Provided data Block Start

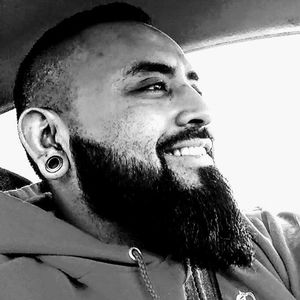 Meet your Posher, Emilio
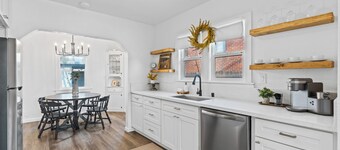 Charming 2-bedroom cottage with WiFi, AC in enjoyable West Sacramento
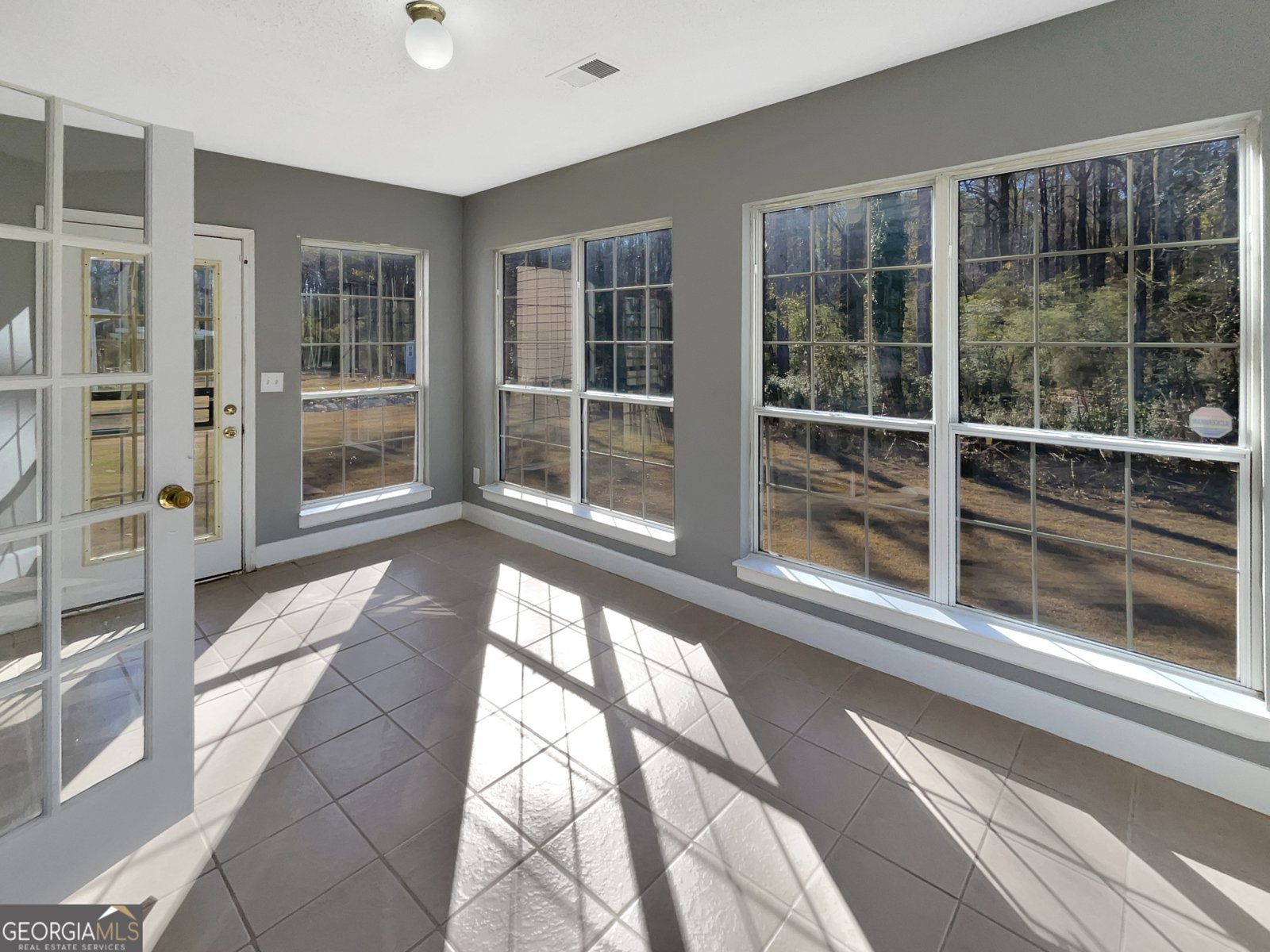 2050 Surrey Trail South Fulton - 14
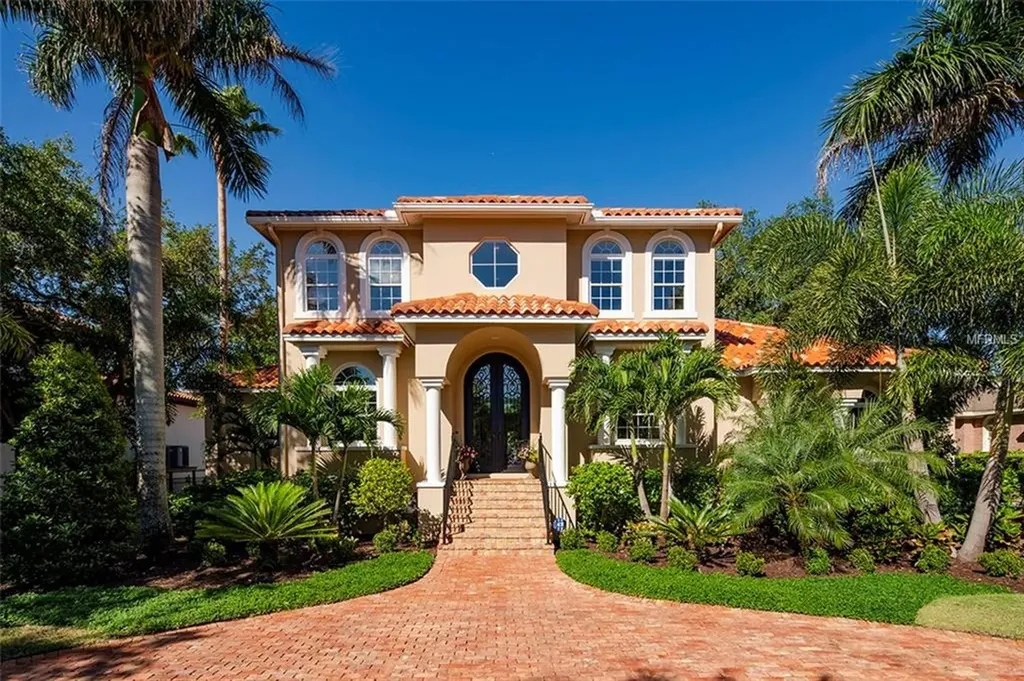 2601 N Dundee Street Tampa FL 33629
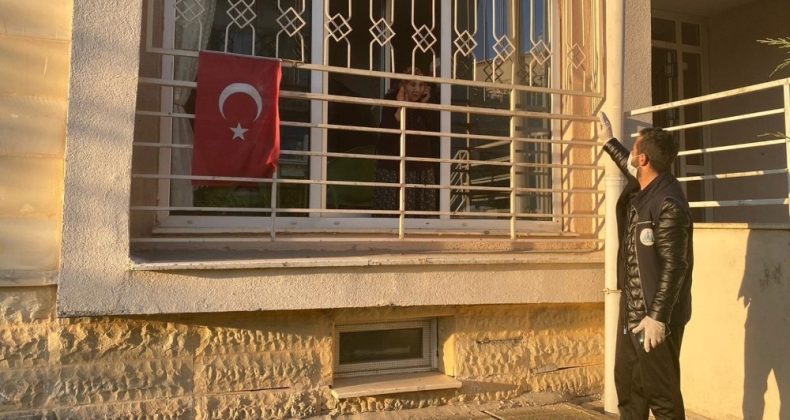 Kartepe’de evinden çıkamayan vatandaşların ihtiyaçlarına koşuluyor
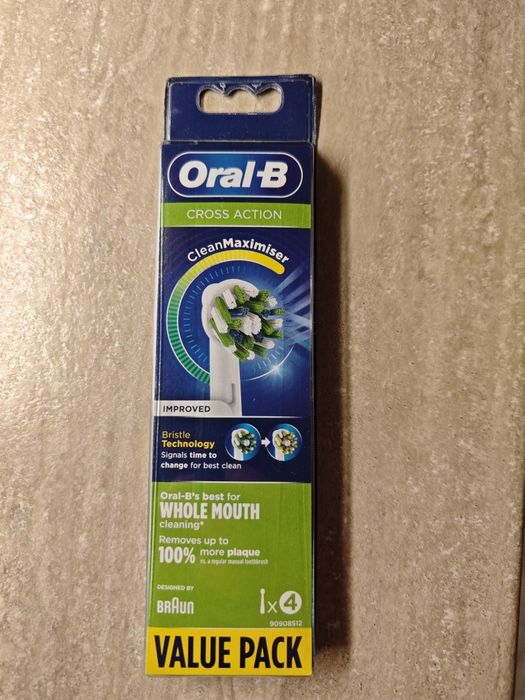 Oryginalne końcówki Pro Cross Action do szczoteczki ORAL-B (4 szt.)
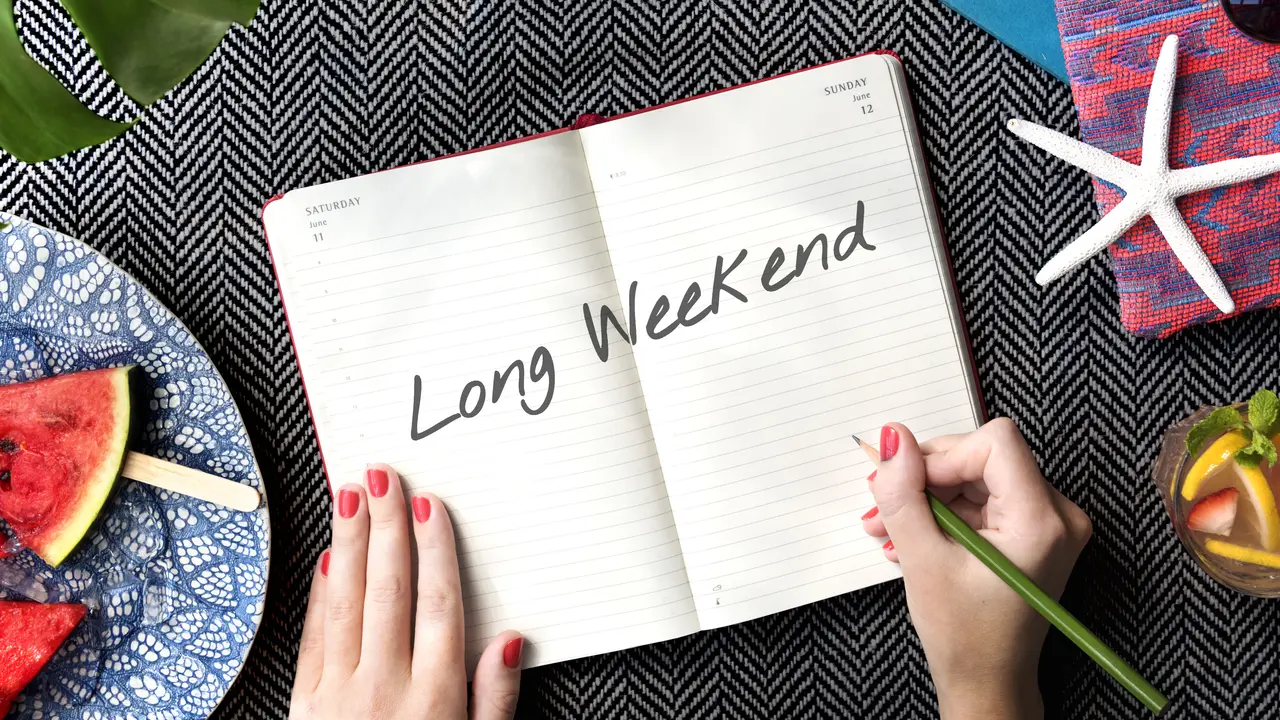 ilustrasi long weekend / freepik
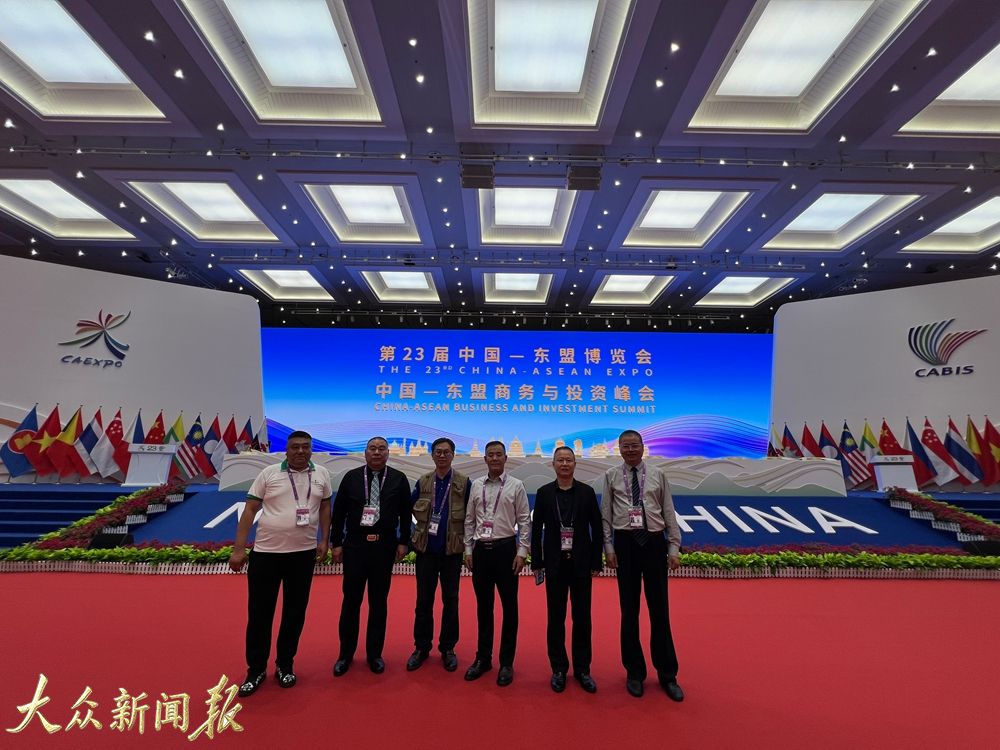 合影.jpg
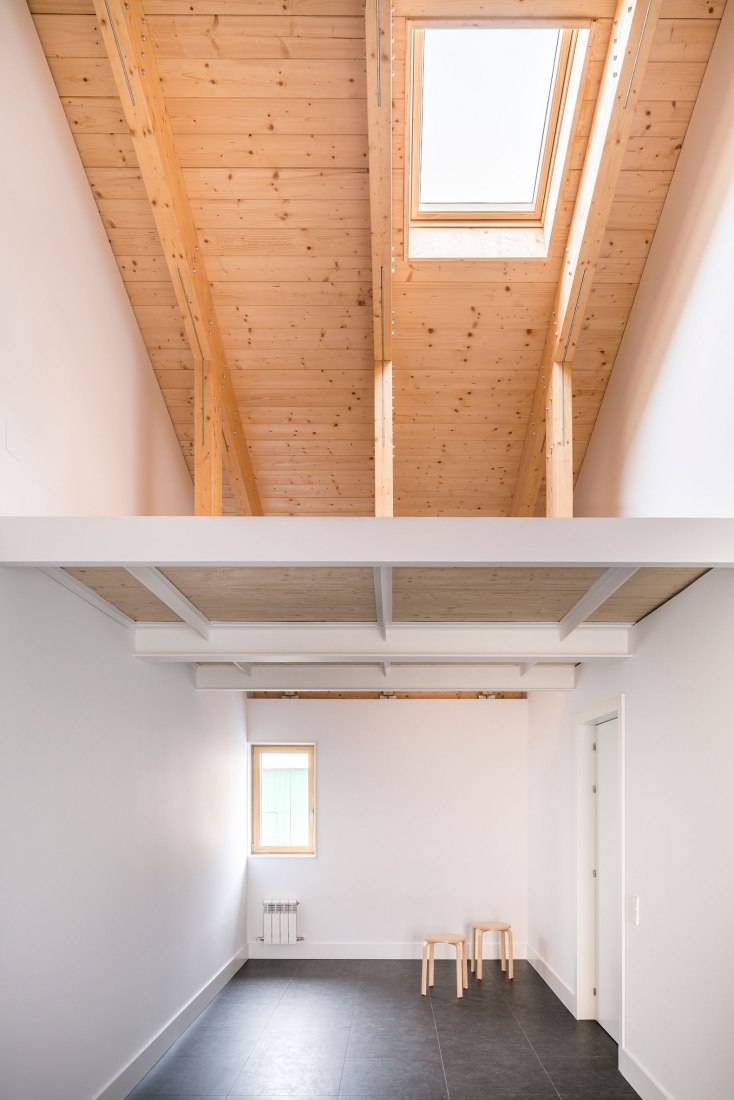 Casa FRU por Roberto Lebrero and Borja Gómez. Fotografía por Miguel de Guzmán, Rocío Romero.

Provided data Block End

Set down the data exactly as it appears, without any images.

■ **Exercise output**:
 Meet your Posher, Emilio
 Charming 2-bedroom cottage with WiFi, AC in enjoyable West Sacramento
 2050 Surrey Trail South Fulton - 14
 2601 N Dundee Street Tampa FL 33629
 Kartepe’de evinden çıkamayan vatandaşların ihtiyaçlarına koşuluyor
 Oryginalne końcówki Pro Cross Action do szczoteczki ORAL-B (4 szt.)
 ilustrasi long weekend / freepik
 合影.jpg
 Casa FRU por Roberto Lebrero and Borja Gómez. Fotografía por Miguel de Guzmán, Rocío Romero.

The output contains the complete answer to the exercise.